--- Instructions for the task ---
Without the pictures, set down every line of the data exactly.
╔══
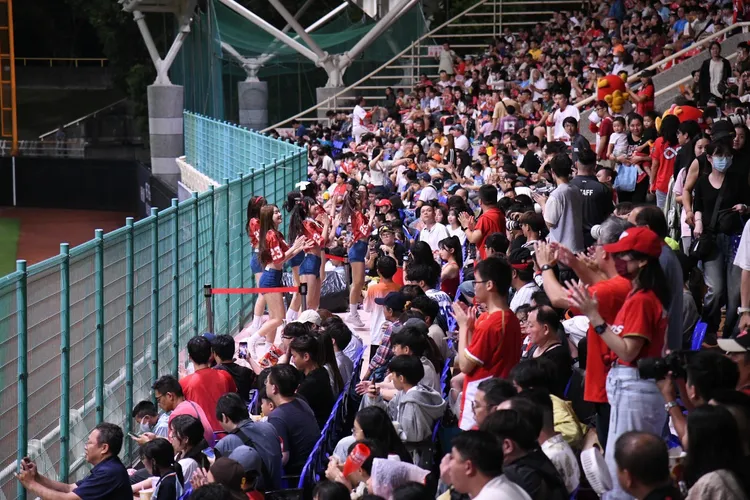 中華職棒在花蓮開打熱情球迷前往看球。花蓮縣政府提供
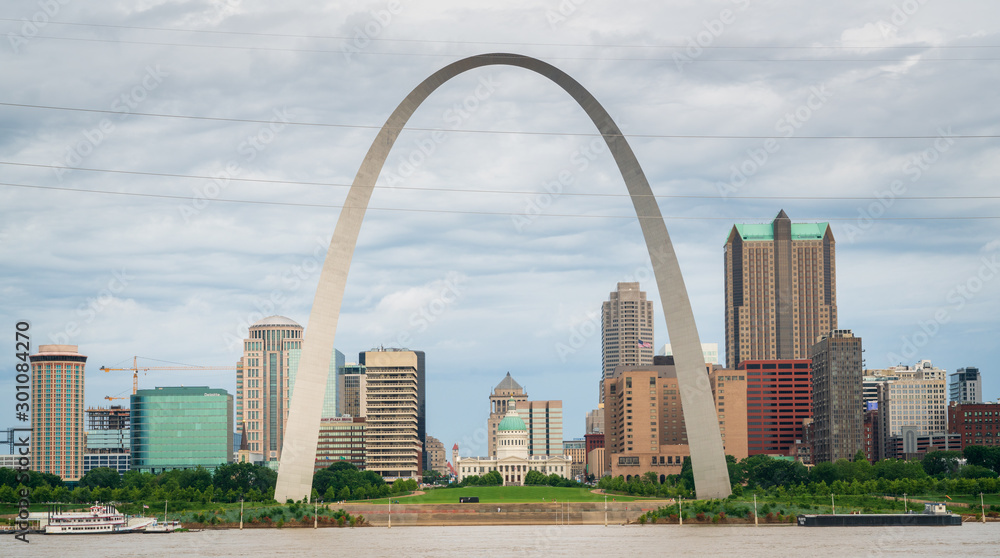 Gateway Arch National Park And the St. Louis Skyline Stock Photo ...
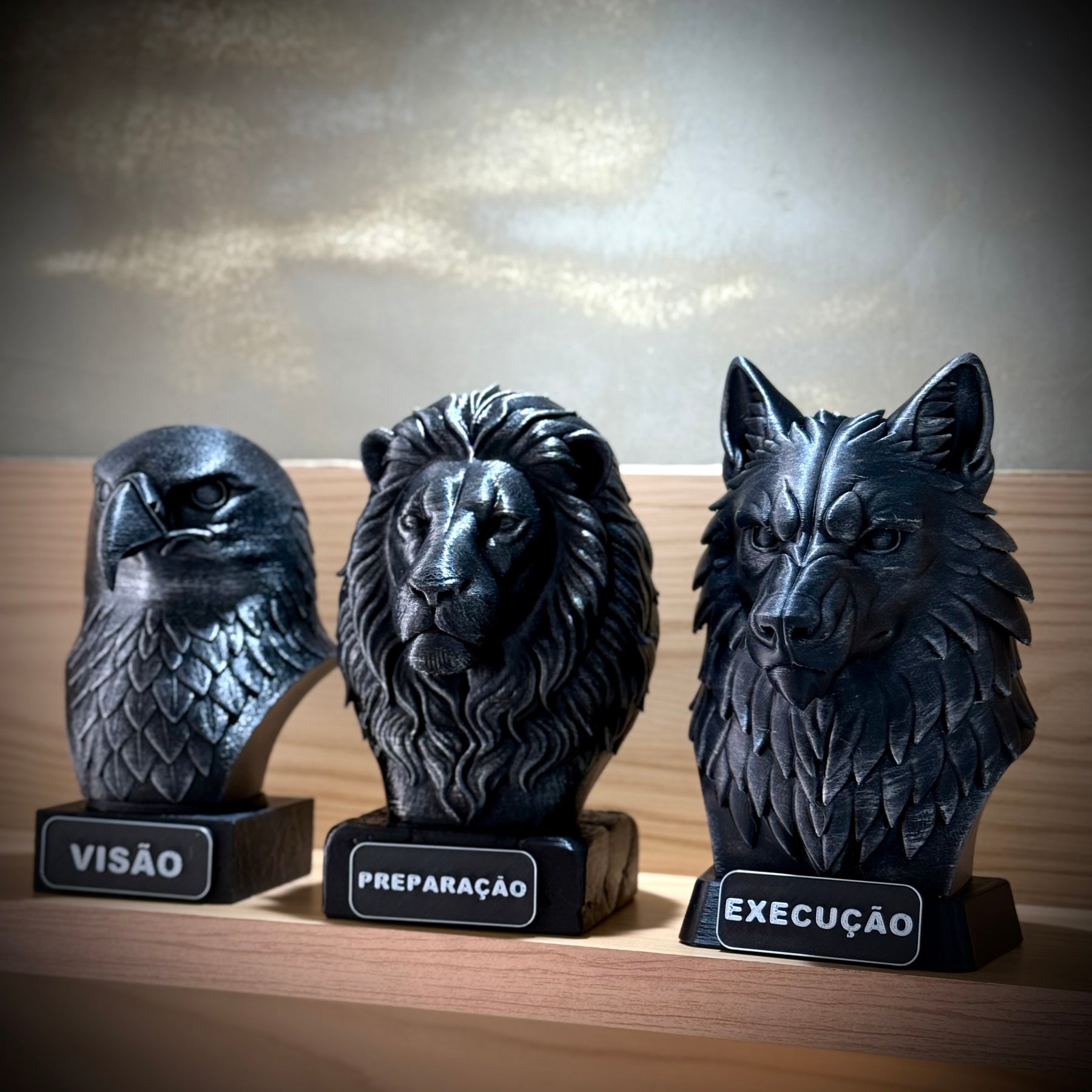 Kit 3 Bustos Premium Decorativos Aguia visão,Leão Preparação, Lobo execução de Luxo pintados a mão, Pronta entrega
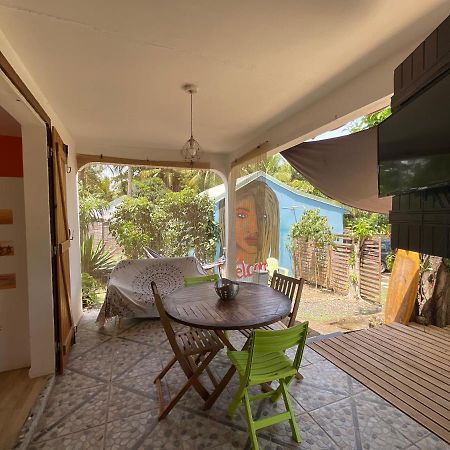 Вілла Bungalows Les Vagues Abondes Сент-Анн Екстер'єр фото
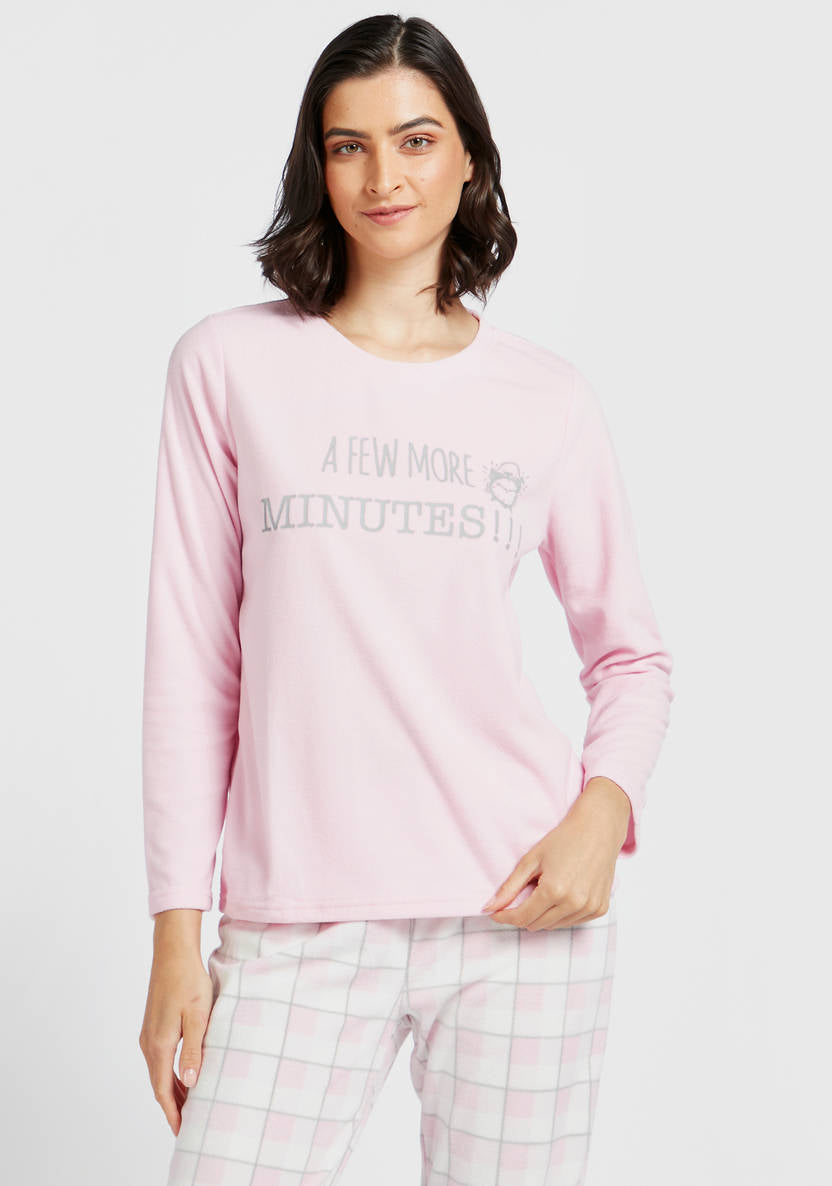 Printed pajama pants with long-sleeve T-shirt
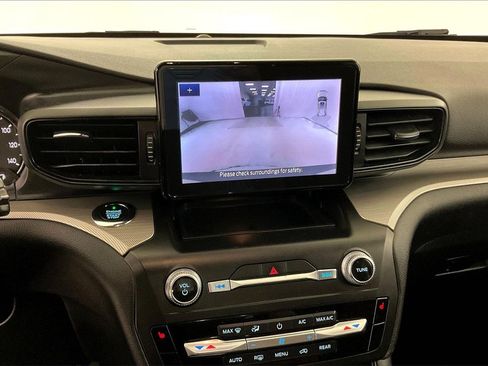 Used 2020 Ford Explorer XLT w/ Cold Weather Package image 14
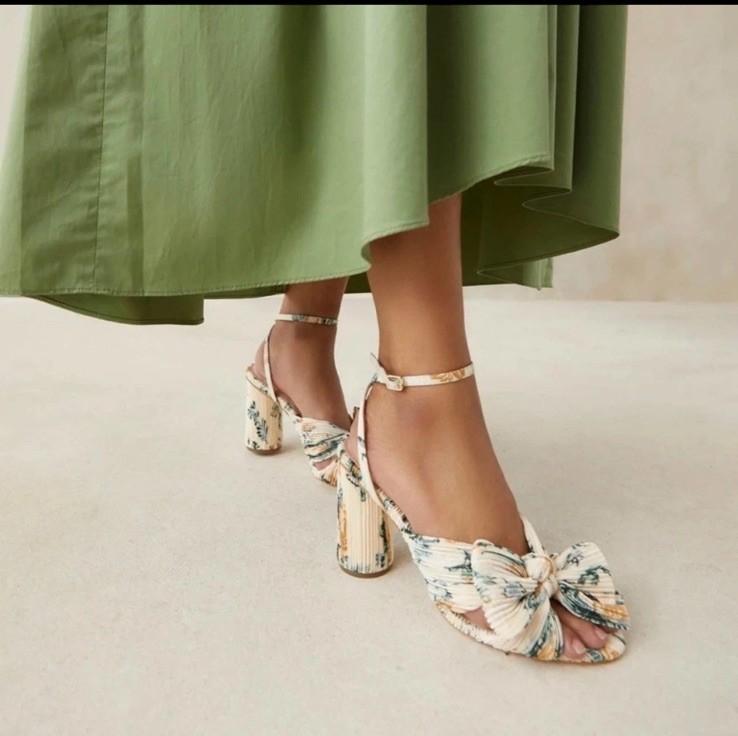 Loeffler Randall Camellia Pleated Bow Heels in Nova Floral Size 9 B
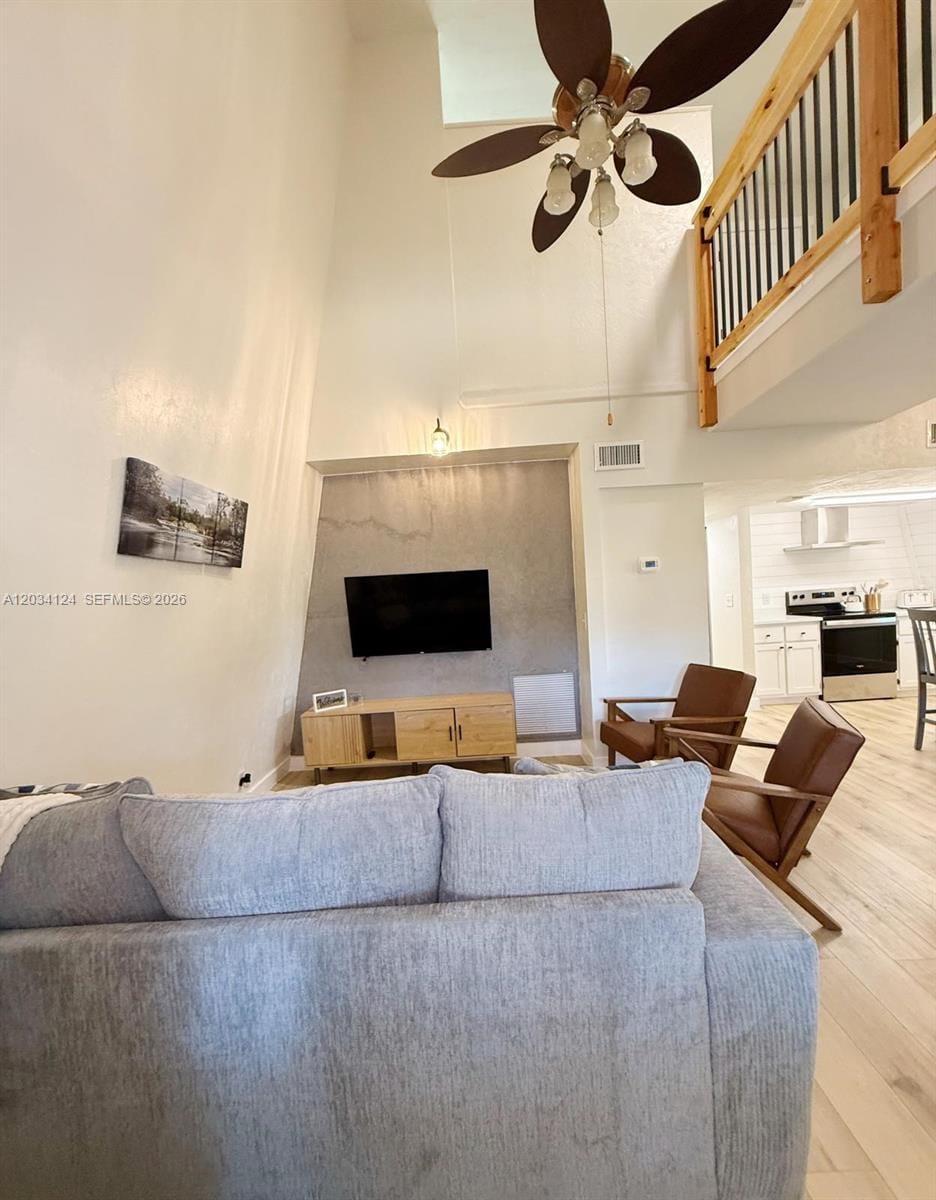 631 NE Gold Dust Road — photo 4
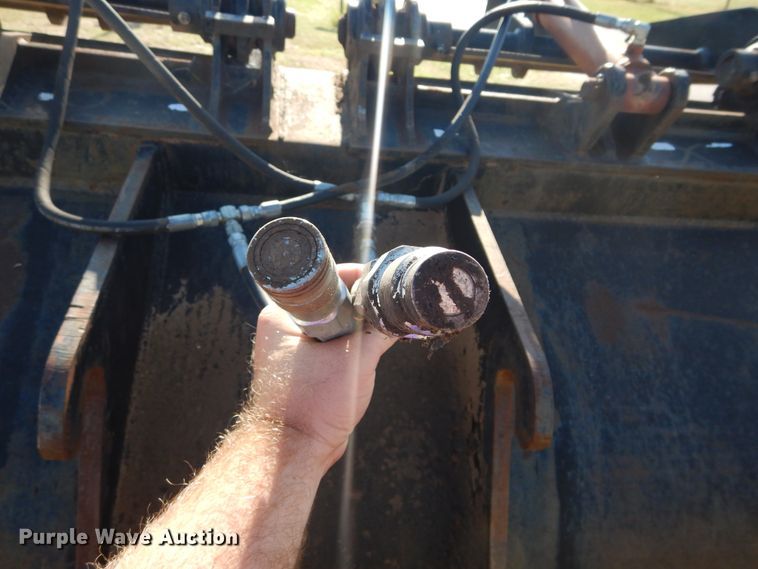 image for item FK9787 93"W loader grapple bucket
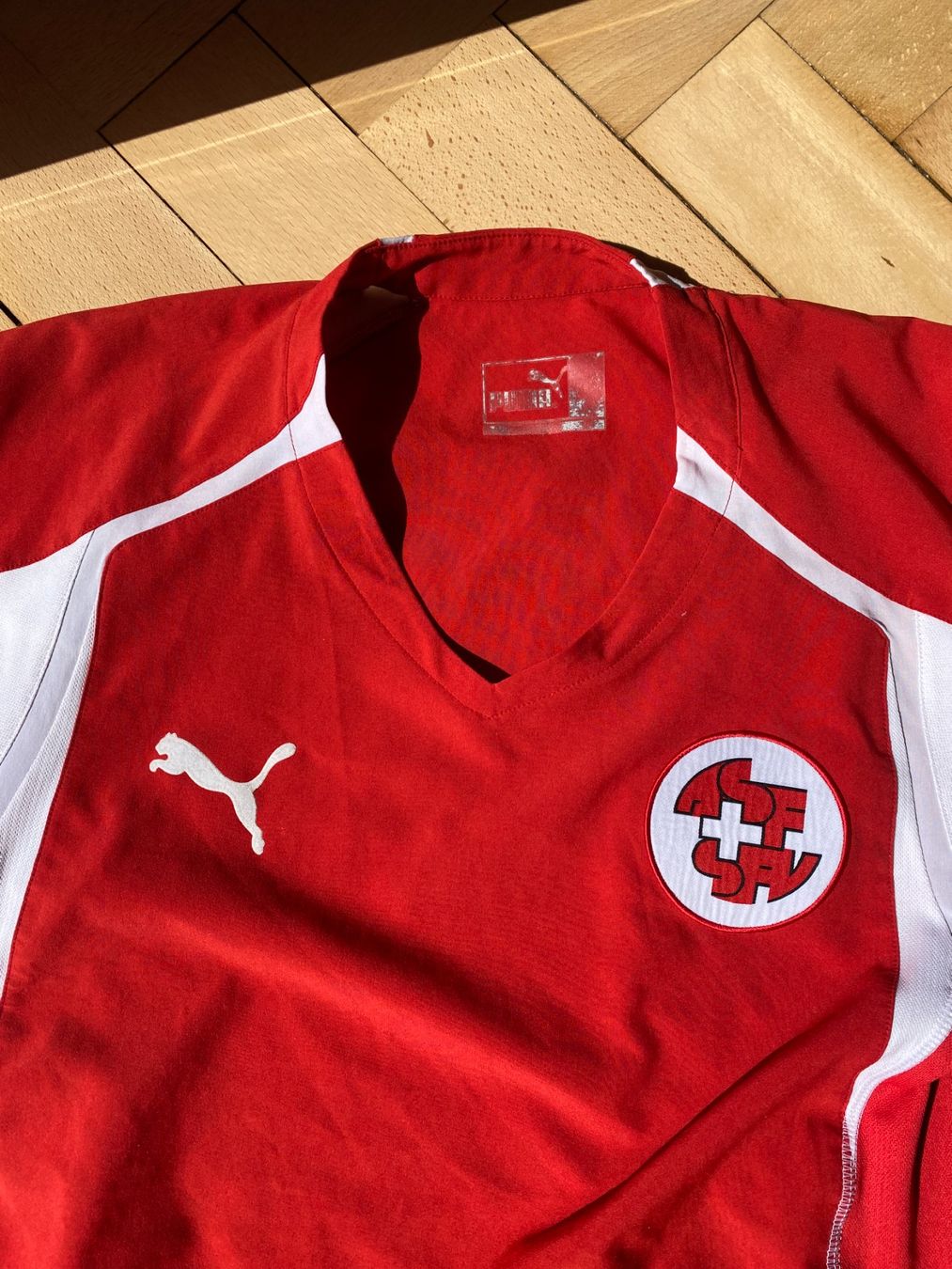 Schweizer Nati Canottiere & Pantaloni: SCHWEIZ NATI TRIKOT 2004 M – Usato da St. Gallen venduto da tscheiko 2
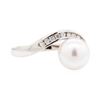 Image 1 : 0.15 ctw Diamond and Pearl Ring - 14KT White Gold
╚══
--- Response ---
 中華職棒在花蓮開打熱情球迷前往看球。花蓮縣政府提供
 Gateway Arch National Park And the St. Louis Skyline Stock Photo ...
 Kit 3 Bustos Premium Decorativos Aguia visão,Leão Preparação, Lobo execução de Luxo pintados a mão, Pronta entrega
 Вілла Bungalows Les Vagues Abondes Сент-Анн Екстер'єр фото
 Printed pajama pants with long-sleeve T-shirt
 Used 2020 Ford Explorer XLT w/ Cold Weather Package image 14
 Loeffler Randall Camellia Pleated Bow Heels in Nova Floral Size 9 B
 631 NE Gold Dust Road — photo 4
 image for item FK9787 93"W loader grapple bucket
 Schweizer Nati Canottiere & Pantaloni: SCHWEIZ NATI TRIKOT 2004 M – Usato da St. Gallen venduto da tscheiko 2
 Image 1 : 0.15 ctw Diamond and Pearl Ring - 14KT White Gold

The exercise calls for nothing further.